_Dataset extract_.
+++

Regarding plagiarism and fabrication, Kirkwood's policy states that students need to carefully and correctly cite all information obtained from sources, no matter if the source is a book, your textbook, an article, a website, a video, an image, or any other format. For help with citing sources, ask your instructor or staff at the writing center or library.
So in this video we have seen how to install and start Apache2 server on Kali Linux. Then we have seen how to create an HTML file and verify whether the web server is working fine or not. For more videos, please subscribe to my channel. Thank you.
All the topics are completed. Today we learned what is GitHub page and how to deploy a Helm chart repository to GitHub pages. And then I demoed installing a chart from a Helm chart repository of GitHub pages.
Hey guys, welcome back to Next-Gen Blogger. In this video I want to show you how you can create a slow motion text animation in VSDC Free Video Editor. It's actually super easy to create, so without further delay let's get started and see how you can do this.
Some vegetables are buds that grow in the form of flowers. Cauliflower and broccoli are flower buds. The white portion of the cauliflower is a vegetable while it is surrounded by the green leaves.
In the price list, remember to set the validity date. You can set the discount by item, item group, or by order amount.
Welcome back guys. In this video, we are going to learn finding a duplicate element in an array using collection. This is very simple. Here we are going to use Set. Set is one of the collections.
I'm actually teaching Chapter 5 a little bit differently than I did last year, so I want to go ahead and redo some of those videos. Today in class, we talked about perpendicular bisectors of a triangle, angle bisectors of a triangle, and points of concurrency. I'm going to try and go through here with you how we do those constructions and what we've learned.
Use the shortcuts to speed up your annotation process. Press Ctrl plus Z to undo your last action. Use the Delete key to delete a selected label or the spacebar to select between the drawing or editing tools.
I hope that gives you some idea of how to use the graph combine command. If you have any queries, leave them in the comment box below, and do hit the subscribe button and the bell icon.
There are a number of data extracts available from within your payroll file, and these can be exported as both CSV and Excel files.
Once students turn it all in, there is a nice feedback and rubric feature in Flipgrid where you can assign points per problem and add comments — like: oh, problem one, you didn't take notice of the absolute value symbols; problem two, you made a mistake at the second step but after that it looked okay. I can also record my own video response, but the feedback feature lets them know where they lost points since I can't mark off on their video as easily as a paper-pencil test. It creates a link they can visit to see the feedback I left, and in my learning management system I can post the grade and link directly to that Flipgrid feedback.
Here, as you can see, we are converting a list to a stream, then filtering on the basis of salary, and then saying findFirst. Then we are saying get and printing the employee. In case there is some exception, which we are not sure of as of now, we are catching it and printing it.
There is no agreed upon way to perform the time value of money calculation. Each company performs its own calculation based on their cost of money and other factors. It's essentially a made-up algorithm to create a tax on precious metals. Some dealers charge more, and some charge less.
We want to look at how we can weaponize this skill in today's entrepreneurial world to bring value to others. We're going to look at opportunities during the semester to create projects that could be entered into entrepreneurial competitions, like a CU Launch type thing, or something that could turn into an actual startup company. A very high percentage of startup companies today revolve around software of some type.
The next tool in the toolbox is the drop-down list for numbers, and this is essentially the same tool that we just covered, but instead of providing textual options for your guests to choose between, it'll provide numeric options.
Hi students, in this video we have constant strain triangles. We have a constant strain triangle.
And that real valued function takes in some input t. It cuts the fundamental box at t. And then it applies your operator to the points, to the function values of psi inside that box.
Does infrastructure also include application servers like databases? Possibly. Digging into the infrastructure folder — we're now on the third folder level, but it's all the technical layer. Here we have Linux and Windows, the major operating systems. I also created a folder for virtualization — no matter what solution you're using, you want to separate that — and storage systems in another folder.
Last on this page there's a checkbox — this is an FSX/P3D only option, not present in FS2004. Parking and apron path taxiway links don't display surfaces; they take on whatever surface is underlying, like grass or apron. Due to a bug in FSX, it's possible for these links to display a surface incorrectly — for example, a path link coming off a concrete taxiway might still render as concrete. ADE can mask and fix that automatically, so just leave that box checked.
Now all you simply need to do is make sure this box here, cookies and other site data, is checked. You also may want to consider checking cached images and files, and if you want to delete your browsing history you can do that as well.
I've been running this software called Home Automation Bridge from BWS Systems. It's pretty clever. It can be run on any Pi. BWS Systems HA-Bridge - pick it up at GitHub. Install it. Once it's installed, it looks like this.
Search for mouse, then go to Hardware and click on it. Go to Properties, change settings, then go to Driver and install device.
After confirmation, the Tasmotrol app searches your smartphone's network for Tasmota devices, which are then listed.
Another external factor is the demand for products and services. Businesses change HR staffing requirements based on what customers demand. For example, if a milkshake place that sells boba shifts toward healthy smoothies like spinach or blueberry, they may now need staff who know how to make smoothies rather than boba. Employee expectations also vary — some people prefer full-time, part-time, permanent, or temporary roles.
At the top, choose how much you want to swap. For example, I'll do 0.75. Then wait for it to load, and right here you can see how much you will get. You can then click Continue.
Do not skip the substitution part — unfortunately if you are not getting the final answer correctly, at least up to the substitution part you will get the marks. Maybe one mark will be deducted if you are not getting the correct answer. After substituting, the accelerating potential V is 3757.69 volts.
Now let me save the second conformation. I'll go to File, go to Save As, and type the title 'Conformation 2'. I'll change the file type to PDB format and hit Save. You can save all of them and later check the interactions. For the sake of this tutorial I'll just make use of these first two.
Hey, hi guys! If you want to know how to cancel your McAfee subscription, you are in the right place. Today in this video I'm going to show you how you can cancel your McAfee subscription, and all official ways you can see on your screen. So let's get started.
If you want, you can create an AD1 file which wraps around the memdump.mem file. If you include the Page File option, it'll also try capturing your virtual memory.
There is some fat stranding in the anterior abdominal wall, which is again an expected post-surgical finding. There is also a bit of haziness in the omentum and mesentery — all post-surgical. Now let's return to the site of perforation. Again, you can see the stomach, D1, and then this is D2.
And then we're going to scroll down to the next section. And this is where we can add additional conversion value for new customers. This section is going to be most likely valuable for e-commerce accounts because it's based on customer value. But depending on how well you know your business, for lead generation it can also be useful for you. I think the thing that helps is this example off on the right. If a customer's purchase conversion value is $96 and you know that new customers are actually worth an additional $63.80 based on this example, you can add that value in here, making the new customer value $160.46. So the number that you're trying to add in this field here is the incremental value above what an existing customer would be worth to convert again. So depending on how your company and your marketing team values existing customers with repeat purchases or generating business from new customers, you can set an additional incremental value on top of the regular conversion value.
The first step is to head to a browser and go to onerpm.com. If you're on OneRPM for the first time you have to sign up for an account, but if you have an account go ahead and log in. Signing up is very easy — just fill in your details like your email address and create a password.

+++

_What the exercise asks_. Give the data again in full, keeping every line as it was.

_Task response_.
Regarding plagiarism and fabrication, Kirkwood's policy states that students need to carefully and correctly cite all information obtained from sources, no matter if the source is a book, your textbook, an article, a website, a video, an image, or any other format. For help with citing sources, ask your instructor or staff at the writing center or library.
So in this video we have seen how to install and start Apache2 server on Kali Linux. Then we have seen how to create an HTML file and verify whether the web server is working fine or not. For more videos, please subscribe to my channel. Thank you.
All the topics are completed. Today we learned what is GitHub page and how to deploy a Helm chart repository to GitHub pages. And then I demoed installing a chart from a Helm chart repository of GitHub pages.
Hey guys, welcome back to Next-Gen Blogger. In this video I want to show you how you can create a slow motion text animation in VSDC Free Video Editor. It's actually super easy to create, so without further delay let's get started and see how you can do this.
Some vegetables are buds that grow in the form of flowers. Cauliflower and broccoli are flower buds. The white portion of the cauliflower is a vegetable while it is surrounded by the green leaves.
In the price list, remember to set the validity date. You can set the discount by item, item group, or by order amount.
Welcome back guys. In this video, we are going to learn finding a duplicate element in an array using collection. This is very simple. Here we are going to use Set. Set is one of the collections.
I'm actually teaching Chapter 5 a little bit differently than I did last year, so I want to go ahead and redo some of those videos. Today in class, we talked about perpendicular bisectors of a triangle, angle bisectors of a triangle, and points of concurrency. I'm going to try and go through here with you how we do those constructions and what we've learned.
Use the shortcuts to speed up your annotation process. Press Ctrl plus Z to undo your last action. Use the Delete key to delete a selected label or the spacebar to select between the drawing or editing tools.
I hope that gives you some idea of how to use the graph combine command. If you have any queries, leave them in the comment box below, and do hit the subscribe button and the bell icon.
There are a number of data extracts available from within your payroll file, and these can be exported as both CSV and Excel files.
Once students turn it all in, there is a nice feedback and rubric feature in Flipgrid where you can assign points per problem and add comments — like: oh, problem one, you didn't take notice of the absolute value symbols; problem two, you made a mistake at the second step but after that it looked okay. I can also record my own video response, but the feedback feature lets them know where they lost points since I can't mark off on their video as easily as a paper-pencil test. It creates a link they can visit to see the feedback I left, and in my learning management system I can post the grade and link directly to that Flipgrid feedback.
Here, as you can see, we are converting a list to a stream, then filtering on the basis of salary, and then saying findFirst. Then we are saying get and printing the employee. In case there is some exception, which we are not sure of as of now, we are catching it and printing it.
There is no agreed upon way to perform the time value of money calculation. Each company performs its own calculation based on their cost of money and other factors. It's essentially a made-up algorithm to create a tax on precious metals. Some dealers charge more, and some charge less.
We want to look at how we can weaponize this skill in today's entrepreneurial world to bring value to others. We're going to look at opportunities during the semester to create projects that could be entered into entrepreneurial competitions, like a CU Launch type thing, or something that could turn into an actual startup company. A very high percentage of startup companies today revolve around software of some type.
The next tool in the toolbox is the drop-down list for numbers, and this is essentially the same tool that we just covered, but instead of providing textual options for your guests to choose between, it'll provide numeric options.
Hi students, in this video we have constant strain triangles. We have a constant strain triangle.
And that real valued function takes in some input t. It cuts the fundamental box at t. And then it applies your operator to the points, to the function values of psi inside that box.
Does infrastructure also include application servers like databases? Possibly. Digging into the infrastructure folder — we're now on the third folder level, but it's all the technical layer. Here we have Linux and Windows, the major operating systems. I also created a folder for virtualization — no matter what solution you're using, you want to separate that — and storage systems in another folder.
Last on this page there's a checkbox — this is an FSX/P3D only option, not present in FS2004. Parking and apron path taxiway links don't display surfaces; they take on whatever surface is underlying, like grass or apron. Due to a bug in FSX, it's possible for these links to display a surface incorrectly — for example, a path link coming off a concrete taxiway might still render as concrete. ADE can mask and fix that automatically, so just leave that box checked.
Now all you simply need to do is make sure this box here, cookies and other site data, is checked. You also may want to consider checking cached images and files, and if you want to delete your browsing history you can do that as well.
I've been running this software called Home Automation Bridge from BWS Systems. It's pretty clever. It can be run on any Pi. BWS Systems HA-Bridge - pick it up at GitHub. Install it. Once it's installed, it looks like this.
Search for mouse, then go to Hardware and click on it. Go to Properties, change settings, then go to Driver and install device.
After confirmation, the Tasmotrol app searches your smartphone's network for Tasmota devices, which are then listed.
Another external factor is the demand for products and services. Businesses change HR staffing requirements based on what customers demand. For example, if a milkshake place that sells boba shifts toward healthy smoothies like spinach or blueberry, they may now need staff who know how to make smoothies rather than boba. Employee expectations also vary — some people prefer full-time, part-time, permanent, or temporary roles.
At the top, choose how much you want to swap. For example, I'll do 0.75. Then wait for it to load, and right here you can see how much you will get. You can then click Continue.
Do not skip the substitution part — unfortunately if you are not getting the final answer correctly, at least up to the substitution part you will get the marks. Maybe one mark will be deducted if you are not getting the correct answer. After substituting, the accelerating potential V is 3757.69 volts.
Now let me save the second conformation. I'll go to File, go to Save As, and type the title 'Conformation 2'. I'll change the file type to PDB format and hit Save. You can save all of them and later check the interactions. For the sake of this tutorial I'll just make use of these first two.
Hey, hi guys! If you want to know how to cancel your McAfee subscription, you are in the right place. Today in this video I'm going to show you how you can cancel your McAfee subscription, and all official ways you can see on your screen. So let's get started.
If you want, you can create an AD1 file which wraps around the memdump.mem file. If you include the Page File option, it'll also try capturing your virtual memory.
There is some fat stranding in the anterior abdominal wall, which is again an expected post-surgical finding. There is also a bit of haziness in the omentum and mesentery — all post-surgical. Now let's return to the site of perforation. Again, you can see the stomach, D1, and then this is D2.
And then we're going to scroll down to the next section. And this is where we can add additional conversion value for new customers. This section is going to be most likely valuable for e-commerce accounts because it's based on customer value. But depending on how well you know your business, for lead generation it can also be useful for you. I think the thing that helps is this example off on the right. If a customer's purchase conversion value is $96 and you know that new customers are actually worth an additional $63.80 based on this example, you can add that value in here, making the new customer value $160.46. So the number that you're trying to add in this field here is the incremental value above what an existing customer would be worth to convert again. So depending on how your company and your marketing team values existing customers with repeat purchases or generating business from new customers, you can set an additional incremental value on top of the regular conversion value.
The first step is to head to a browser and go to onerpm.com. If you're on OneRPM for the first time you have to sign up for an account, but if you have an account go ahead and log in. Signing up is very easy — just fill in your details like your email address and create a password.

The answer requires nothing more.